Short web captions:
——————————

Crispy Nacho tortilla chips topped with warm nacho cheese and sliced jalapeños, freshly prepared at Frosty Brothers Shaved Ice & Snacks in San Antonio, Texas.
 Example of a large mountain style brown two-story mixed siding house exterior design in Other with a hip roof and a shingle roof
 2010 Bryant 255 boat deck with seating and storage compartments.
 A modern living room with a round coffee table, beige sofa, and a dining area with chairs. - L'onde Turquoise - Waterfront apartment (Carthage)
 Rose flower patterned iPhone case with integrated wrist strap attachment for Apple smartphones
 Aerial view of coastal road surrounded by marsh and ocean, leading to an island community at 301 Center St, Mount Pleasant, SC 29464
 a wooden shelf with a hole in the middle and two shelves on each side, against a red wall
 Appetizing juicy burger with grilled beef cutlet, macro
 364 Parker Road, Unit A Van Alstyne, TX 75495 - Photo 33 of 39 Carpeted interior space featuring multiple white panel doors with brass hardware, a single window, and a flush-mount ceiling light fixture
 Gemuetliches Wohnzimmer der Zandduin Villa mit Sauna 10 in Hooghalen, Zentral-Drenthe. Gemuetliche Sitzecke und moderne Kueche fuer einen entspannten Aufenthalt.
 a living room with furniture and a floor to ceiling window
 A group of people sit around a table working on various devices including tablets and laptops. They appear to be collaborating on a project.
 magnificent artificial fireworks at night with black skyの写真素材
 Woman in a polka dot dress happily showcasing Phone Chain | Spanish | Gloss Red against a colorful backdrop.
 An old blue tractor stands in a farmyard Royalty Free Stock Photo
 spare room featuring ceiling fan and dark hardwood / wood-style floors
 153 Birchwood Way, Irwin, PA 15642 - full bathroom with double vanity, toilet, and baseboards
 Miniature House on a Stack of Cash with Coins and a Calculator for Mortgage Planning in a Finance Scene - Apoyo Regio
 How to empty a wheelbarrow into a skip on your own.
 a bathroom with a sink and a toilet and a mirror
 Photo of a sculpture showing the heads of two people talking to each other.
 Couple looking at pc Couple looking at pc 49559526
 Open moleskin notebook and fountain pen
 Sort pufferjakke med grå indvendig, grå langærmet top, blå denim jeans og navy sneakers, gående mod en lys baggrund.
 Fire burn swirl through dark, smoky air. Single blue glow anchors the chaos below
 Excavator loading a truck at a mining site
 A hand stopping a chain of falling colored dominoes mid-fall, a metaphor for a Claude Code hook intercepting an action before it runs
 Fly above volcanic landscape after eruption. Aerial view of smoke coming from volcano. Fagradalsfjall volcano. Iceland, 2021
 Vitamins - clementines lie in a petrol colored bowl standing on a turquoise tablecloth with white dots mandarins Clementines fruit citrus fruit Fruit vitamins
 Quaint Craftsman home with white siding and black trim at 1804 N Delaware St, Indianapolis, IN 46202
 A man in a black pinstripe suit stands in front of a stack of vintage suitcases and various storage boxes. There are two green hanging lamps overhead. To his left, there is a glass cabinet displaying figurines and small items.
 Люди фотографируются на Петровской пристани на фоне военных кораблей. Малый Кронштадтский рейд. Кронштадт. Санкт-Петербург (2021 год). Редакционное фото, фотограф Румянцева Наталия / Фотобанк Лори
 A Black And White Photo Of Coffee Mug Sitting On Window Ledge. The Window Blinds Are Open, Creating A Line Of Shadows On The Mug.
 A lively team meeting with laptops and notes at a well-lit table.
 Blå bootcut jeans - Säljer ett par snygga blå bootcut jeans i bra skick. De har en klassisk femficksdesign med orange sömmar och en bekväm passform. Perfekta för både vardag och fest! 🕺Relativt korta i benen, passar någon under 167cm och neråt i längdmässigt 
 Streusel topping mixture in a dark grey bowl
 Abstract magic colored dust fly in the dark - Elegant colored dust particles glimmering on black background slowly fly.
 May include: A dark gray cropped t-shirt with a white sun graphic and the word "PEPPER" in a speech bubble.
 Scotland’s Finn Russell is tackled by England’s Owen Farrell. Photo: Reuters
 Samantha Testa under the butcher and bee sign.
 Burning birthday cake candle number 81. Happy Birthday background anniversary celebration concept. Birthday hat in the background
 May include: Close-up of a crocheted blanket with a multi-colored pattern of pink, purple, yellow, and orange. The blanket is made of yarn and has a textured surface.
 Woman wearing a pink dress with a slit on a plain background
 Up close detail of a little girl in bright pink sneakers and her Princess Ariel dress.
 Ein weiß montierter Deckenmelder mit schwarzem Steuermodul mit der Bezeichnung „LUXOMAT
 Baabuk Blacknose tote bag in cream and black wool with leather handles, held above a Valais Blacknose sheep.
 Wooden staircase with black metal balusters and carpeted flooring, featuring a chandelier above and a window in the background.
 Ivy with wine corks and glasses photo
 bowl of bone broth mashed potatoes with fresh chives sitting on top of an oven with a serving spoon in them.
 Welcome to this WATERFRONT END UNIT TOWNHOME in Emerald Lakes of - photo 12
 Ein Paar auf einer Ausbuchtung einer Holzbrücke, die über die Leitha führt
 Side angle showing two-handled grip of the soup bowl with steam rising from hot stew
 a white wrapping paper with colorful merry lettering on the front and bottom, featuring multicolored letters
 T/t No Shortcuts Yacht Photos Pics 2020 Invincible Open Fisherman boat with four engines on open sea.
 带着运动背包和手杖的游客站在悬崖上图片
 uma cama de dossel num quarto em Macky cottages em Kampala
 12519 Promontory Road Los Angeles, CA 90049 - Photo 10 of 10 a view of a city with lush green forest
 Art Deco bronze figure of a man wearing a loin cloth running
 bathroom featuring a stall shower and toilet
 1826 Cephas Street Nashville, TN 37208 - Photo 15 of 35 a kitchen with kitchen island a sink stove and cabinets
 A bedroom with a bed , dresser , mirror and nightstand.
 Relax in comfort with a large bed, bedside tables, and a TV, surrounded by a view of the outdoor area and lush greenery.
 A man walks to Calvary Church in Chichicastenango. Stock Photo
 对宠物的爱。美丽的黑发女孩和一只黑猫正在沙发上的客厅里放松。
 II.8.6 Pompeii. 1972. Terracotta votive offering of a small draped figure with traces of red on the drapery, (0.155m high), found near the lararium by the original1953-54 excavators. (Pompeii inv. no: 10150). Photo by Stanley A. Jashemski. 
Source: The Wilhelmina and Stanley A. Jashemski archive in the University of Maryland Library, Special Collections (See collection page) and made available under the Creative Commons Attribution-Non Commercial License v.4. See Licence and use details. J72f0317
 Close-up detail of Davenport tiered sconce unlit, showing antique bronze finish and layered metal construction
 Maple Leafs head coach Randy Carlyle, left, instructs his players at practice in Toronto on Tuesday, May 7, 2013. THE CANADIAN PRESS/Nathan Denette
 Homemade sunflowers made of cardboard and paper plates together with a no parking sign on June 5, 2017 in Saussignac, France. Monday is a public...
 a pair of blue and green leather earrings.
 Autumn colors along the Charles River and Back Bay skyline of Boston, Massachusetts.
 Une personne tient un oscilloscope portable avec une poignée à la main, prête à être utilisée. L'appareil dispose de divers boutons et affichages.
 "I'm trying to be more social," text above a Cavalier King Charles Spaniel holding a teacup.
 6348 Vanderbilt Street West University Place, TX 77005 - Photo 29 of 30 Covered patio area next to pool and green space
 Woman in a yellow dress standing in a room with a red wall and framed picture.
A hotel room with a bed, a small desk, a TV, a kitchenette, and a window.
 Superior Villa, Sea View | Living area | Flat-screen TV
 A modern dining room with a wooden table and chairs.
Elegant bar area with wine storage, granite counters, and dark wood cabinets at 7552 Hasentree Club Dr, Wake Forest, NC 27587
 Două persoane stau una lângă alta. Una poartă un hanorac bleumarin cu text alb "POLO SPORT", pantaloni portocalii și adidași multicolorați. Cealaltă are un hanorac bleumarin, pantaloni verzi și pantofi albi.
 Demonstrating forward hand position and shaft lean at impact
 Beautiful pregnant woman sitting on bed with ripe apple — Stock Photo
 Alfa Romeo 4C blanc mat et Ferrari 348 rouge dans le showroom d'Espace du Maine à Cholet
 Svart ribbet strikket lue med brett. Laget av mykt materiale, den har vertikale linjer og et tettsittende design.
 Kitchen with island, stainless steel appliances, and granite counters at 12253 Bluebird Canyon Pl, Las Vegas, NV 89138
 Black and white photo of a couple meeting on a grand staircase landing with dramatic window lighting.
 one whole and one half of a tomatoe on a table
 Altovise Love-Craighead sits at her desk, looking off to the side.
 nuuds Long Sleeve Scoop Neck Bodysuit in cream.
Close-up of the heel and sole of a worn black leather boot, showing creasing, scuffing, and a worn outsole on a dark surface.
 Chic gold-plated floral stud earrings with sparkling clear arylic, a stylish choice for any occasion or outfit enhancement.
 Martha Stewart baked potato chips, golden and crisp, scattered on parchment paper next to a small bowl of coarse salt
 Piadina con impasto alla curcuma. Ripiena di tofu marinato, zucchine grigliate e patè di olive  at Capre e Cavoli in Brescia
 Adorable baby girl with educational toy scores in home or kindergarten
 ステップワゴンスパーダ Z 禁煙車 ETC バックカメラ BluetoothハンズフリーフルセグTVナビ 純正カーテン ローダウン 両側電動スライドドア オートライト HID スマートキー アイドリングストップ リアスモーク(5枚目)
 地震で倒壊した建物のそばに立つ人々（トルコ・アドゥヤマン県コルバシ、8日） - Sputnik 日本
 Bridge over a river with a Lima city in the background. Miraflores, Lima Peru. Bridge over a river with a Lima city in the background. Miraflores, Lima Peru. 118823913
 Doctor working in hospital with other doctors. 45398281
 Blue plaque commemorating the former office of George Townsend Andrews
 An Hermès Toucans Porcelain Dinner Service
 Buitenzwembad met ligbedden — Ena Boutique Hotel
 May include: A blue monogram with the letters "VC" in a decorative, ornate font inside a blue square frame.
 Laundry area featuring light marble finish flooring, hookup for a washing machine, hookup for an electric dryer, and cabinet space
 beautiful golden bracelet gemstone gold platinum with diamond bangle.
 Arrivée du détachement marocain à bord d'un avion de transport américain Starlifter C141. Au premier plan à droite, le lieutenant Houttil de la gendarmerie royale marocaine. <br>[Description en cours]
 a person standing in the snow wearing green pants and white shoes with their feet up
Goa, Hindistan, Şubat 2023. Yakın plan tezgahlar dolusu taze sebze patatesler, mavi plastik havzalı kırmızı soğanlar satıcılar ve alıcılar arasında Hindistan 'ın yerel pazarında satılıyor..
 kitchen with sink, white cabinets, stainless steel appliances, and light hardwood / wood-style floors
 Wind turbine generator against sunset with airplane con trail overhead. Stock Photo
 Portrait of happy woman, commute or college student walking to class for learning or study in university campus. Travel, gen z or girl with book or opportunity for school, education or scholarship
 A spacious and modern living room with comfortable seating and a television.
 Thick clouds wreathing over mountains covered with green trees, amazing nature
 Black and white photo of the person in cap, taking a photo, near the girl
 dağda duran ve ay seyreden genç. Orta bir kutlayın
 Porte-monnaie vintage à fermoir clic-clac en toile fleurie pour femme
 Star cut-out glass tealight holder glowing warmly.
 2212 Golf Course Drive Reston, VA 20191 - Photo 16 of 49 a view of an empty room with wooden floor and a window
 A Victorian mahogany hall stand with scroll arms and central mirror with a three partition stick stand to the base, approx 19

——————————

» **Task to complete**
All that should be written out is the stretch of lines above between the one holding "Black and white photo of a" and the one holding "Chic gold-plated floral", inclusive, exactly as given.

» **Solution for this task**
 Black and white photo of a couple meeting on a grand staircase landing with dramatic window lighting.
 one whole and one half of a tomatoe on a table
 Altovise Love-Craighead sits at her desk, looking off to the side.
 nuuds Long Sleeve Scoop Neck Bodysuit in cream.
Close-up of the heel and sole of a worn black leather boot, showing creasing, scuffing, and a worn outsole on a dark surface.
 Chic gold-plated floral stud earrings with sparkling clear arylic, a stylish choice for any occasion or outfit enhancement.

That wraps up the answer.